The Janisch family of Eden, S.D., are patriots. Francis Janisch, who passed away four years ago, served his country as a U.S. Army paratrooper from 1954-1956. His son, Jim, wanted to honor his father's service to his country. So in May 2015, he erected a flag in his honor on Janisch's land on a hillside beside Marshall County Road 16, just 4.5 miles east of Eden. But what Jim envisioned to be only a flag quickly became so much more than that, prompted by a remark by a local veteran who stated to Jim, "You're all right."
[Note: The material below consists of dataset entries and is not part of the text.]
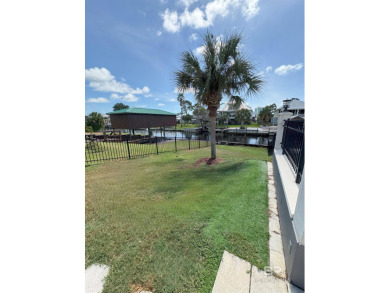 Ever dream of living on Marina Road? This single-story home on Orange Beach Golf Center in Alabama - for sale on GolfHomes.com, golf home, golf lot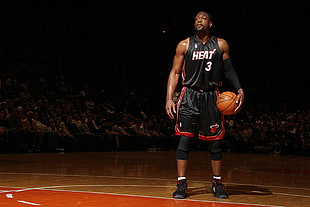 selective focus photography of Dwyane Wade holding ball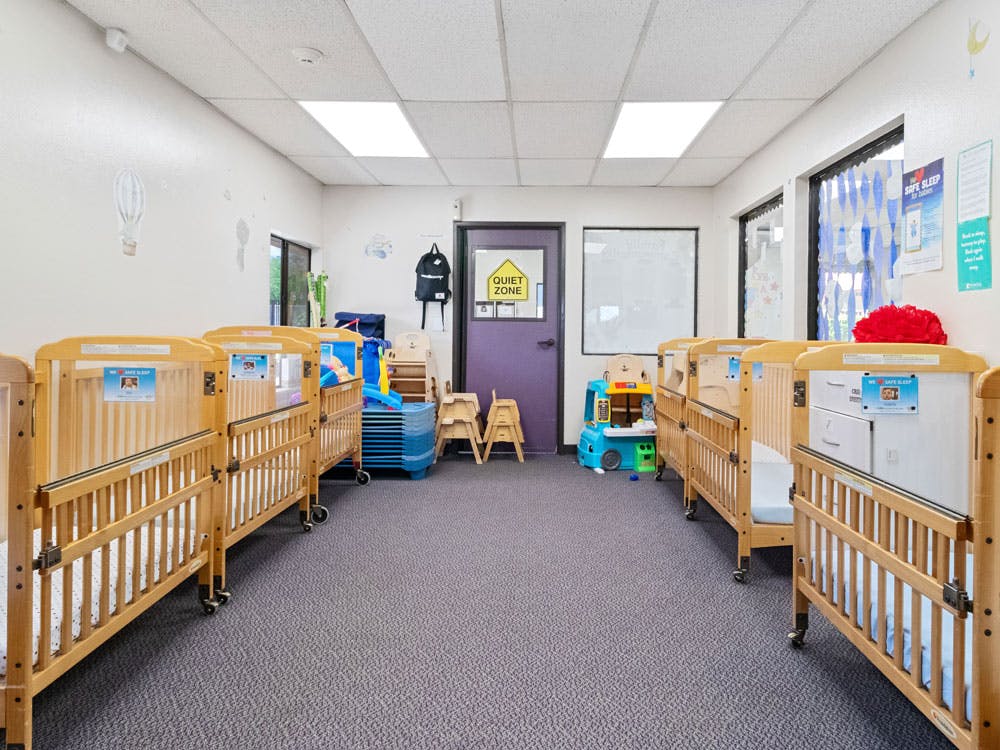 Rows of wooden cribs in a daycare or nursery room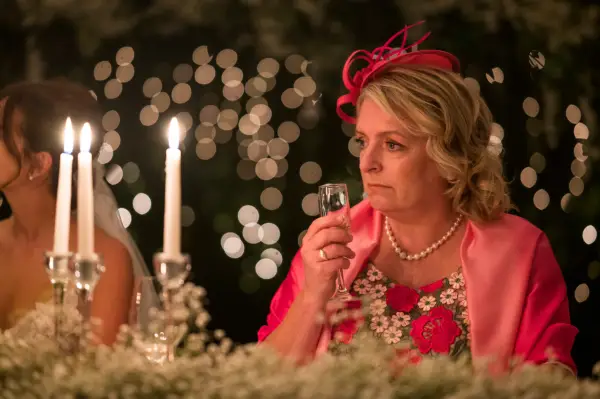 Claire Rushbrook as Caryl in Wilderness wearing a flowery dress and pink hat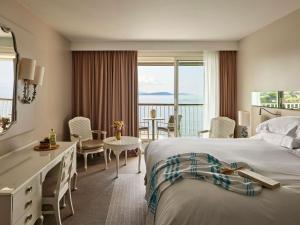 a hotel room with a bed and a table and chairs at Sofitel Golfe d'Ajaccio Thalassa Sea & Spa in Ajaccio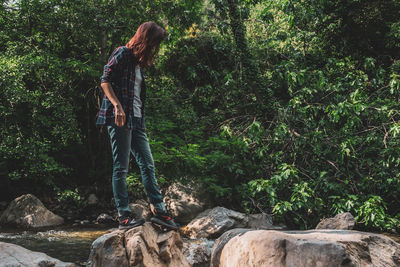 Man standing on rock in forest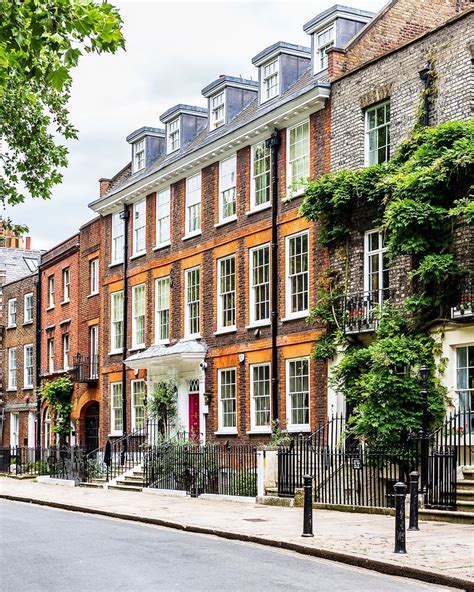 A Beautiful Row Of Brick Houses In Londons Richmond Click Through For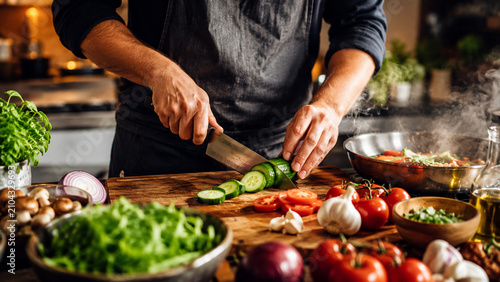 Obraz na płótnie Close‑up of a hand slicing cucumber on a wooden cutting board surrounded by fresh vegetables tomatoes garlic lettuce mushrooms onion and herbs symbolizing home cooking and fresh meal preparation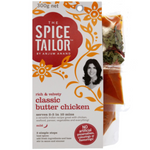 A jar of The Spice Tailor Classic Butter Chicken sauce, featuring a label with the product name and branding, on a neutral background.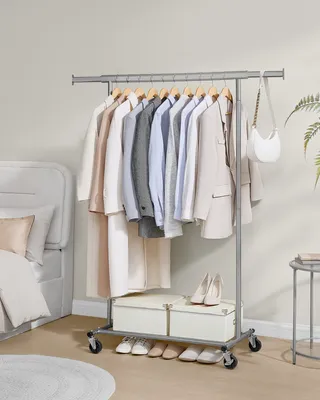 A clothing rack with clothes and shoes in a bedroom setting.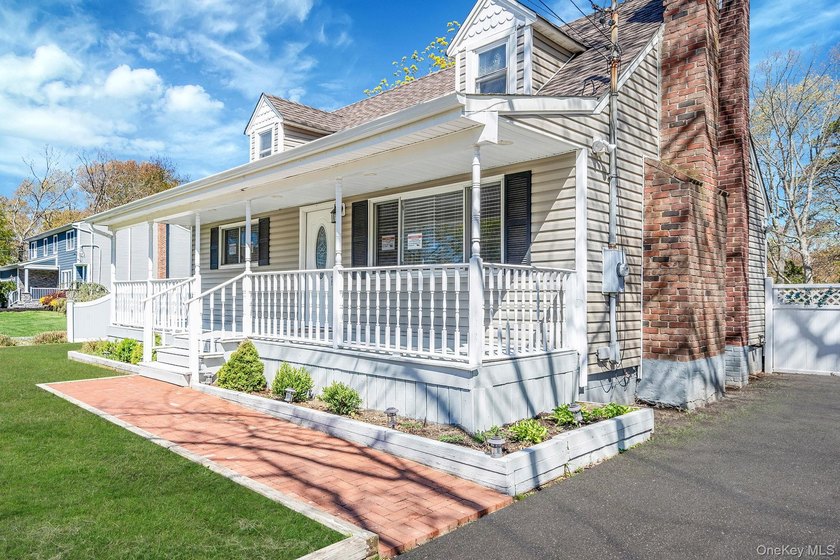 Beautiful Move-In Cape-Cod with Updated Kitchen With Lots Of - photo 12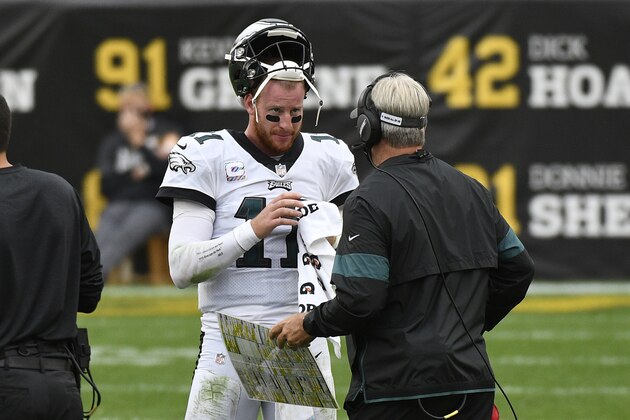 Philadelphia Eagles quarterback Carson Wentz (11) talks with head coach Doug Pederson during the second half of an NFL football game against the Pittsburgh Steelers in Pittsburgh, Sunday, Oct. 11, 2020. (AP Photo/Don Wright)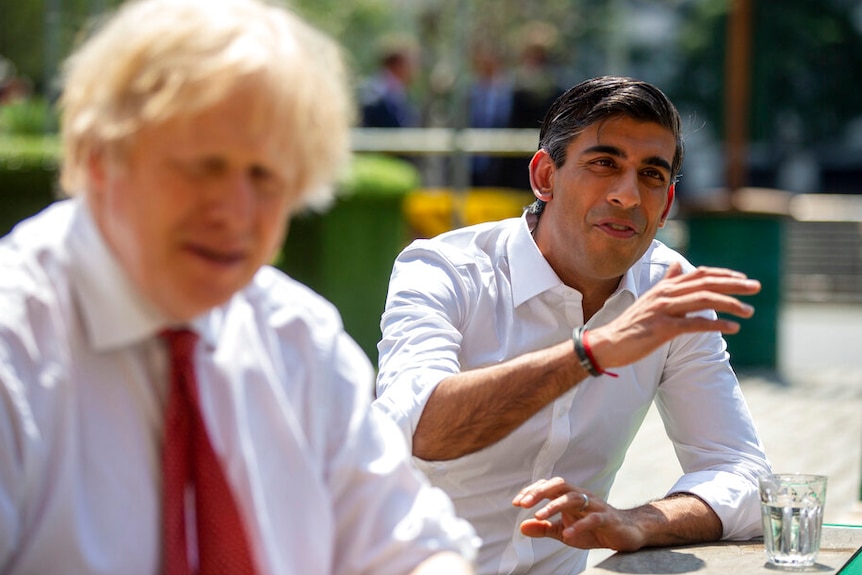 鲍里斯·约翰逊（Boris Johnson）和里希·苏纳克（Rishi Sunak）身着白衬衫坐在外面的一家酒吧里。
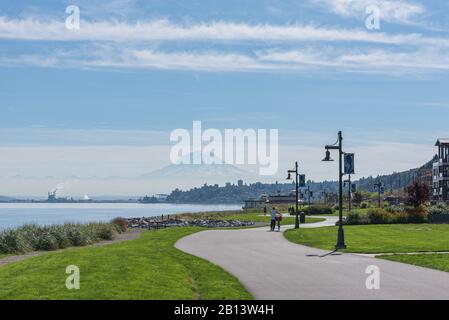 Mt Rainier plane sur le centre-ville de Tacoma et baie de lancement comme vu du point Ruston avec personnes à pied et faire du vélo Banque D'Images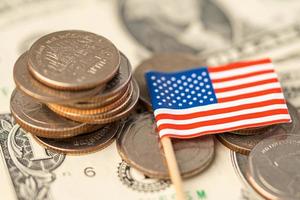 Stack of coins with USA America flag on white background. photo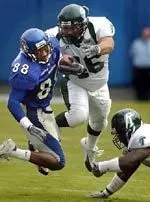 Memphis' Tavarious Davis, left, slips past Tulane defenders Blake Baker, middle, and Brandon Spincer during the first half Saturday, Oct. 16, 2004, in Memphis, Tenn. (AP Photo/The Commercial Appeal, Mark Weber)
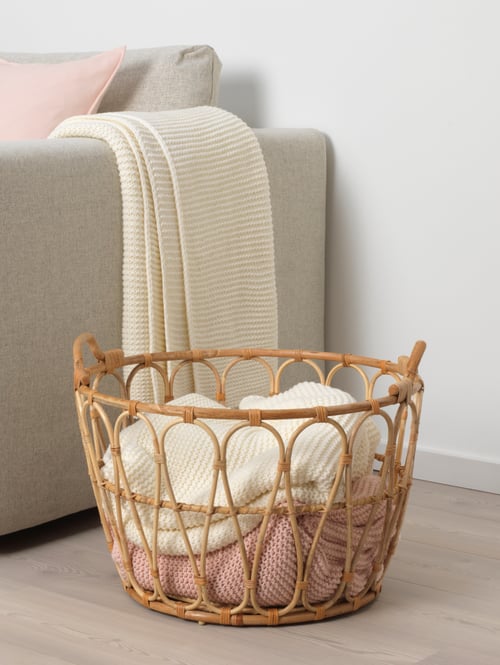 Living room with a round basket placed on the floor, fabrics and home textiles, a white throw, a sofa, a cushion cover.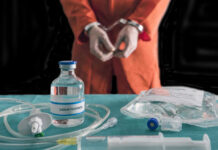 Execution Livestream STALLS – What Changed? Handcuffed person in orange suit with lethal injection supplies.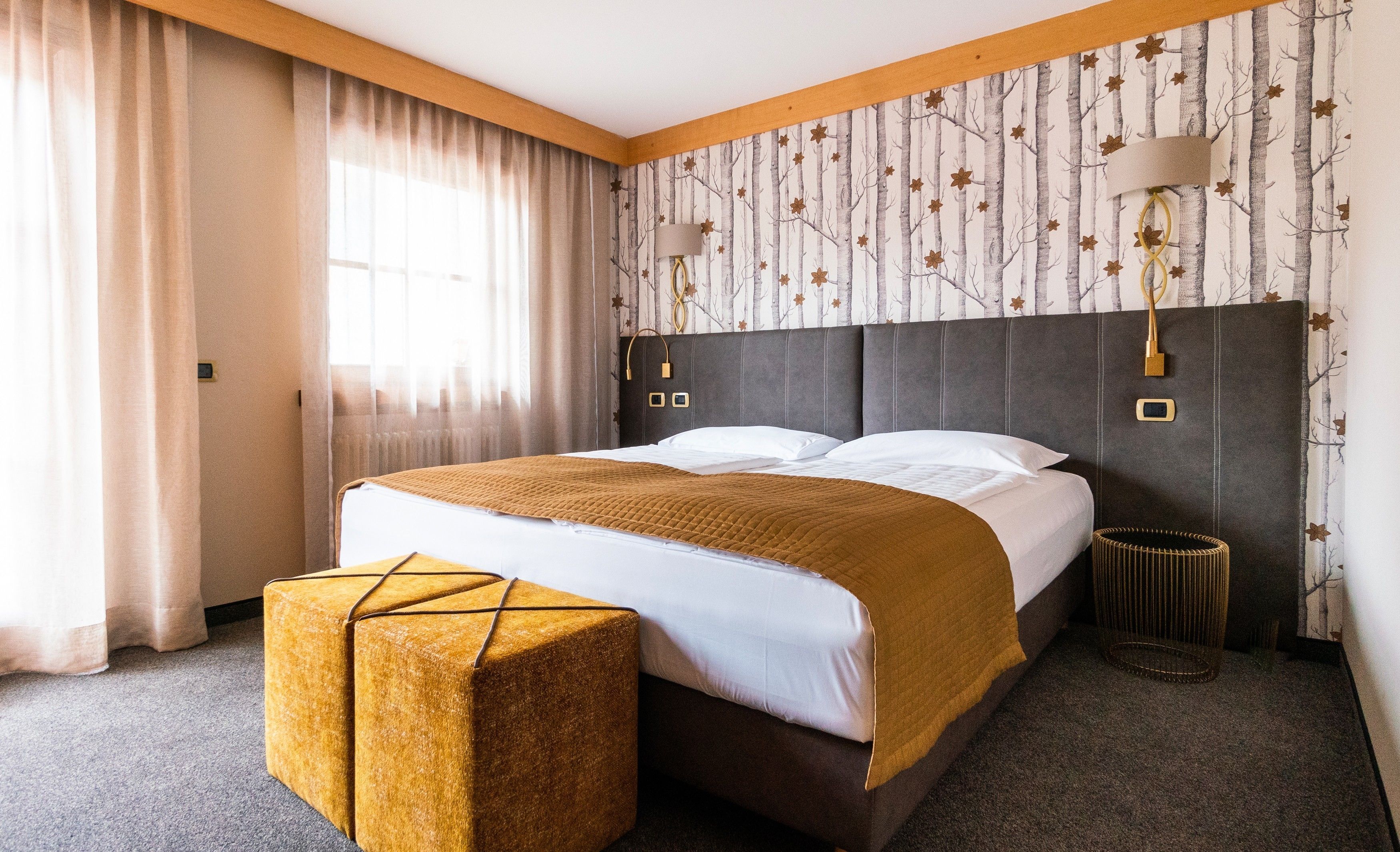 Hotelkamer met een groot bed, nachtkastje, lamp en raam met gordijnen.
So Jim and his relatives and friends got busy. First, they had to transform what had been a cow pasture into a suitable setting for a memorial. Following the flag was a 15-foot white wooden cross. Round paver stones were painted white and then painted with the names of each of the services on them, in red or blue. They were installed on dark red or blue shredded rubber backgrounds. POW and MIA are also there, of course, taking their hallowed place of honor. A 650-pound eagle looks out over the memorial. Statues of six soldiers and two angels stand guard at the site. And last, but certainly not least, there are the flags -- the United States, South Dakota, Sisseton-Wahpeton Oyate, POW-MIA and the six service flags. They are great to see blowing in the wind, which blows most of the time in eastern South Dakota. A white fence borders the memorial, which is lighted at night. It is a moving, very dignified sight.
Several individual servicemen are honored here, as they gave their lives in war. James Cleveland, a brother of Roy Cleveland who lives in the area, lost his life in Vietnam. Roy has closely followed the construction of the memorial, which took Jim and his helpers two weeks. More is planned to be added in 2016, including the Statue of Liberty and six spruce trees which will form a background to the memorial. As is typical of many people in this area and in the country, Jim is a modest person who states that this is not about him, but about the veterans who gave so much for their country. And so it is.
A large sign at the site reads, "Francis Janisch Family Salutes our VETERANS, Visitors Welcome." And the visitors are coming as word of the memorial spreads. In fact, over 3,000 have signed the guest book so far, with visitors from over 30 states as well as Germany and Bosnia. So it is not just the local people who have stopped by to pay their respects. Many of the visitors are emotionally moved by the memorial. It is such an unusual thing to be erected on these rolling prairie hills, on the glacier-formed Coteau des Prairie (Hills on the Prairie) in northeast South Dakota.
If Legion members or their friends want to see something very special and unique, they can do no better than to visit the memorial in the spring, summer or fall.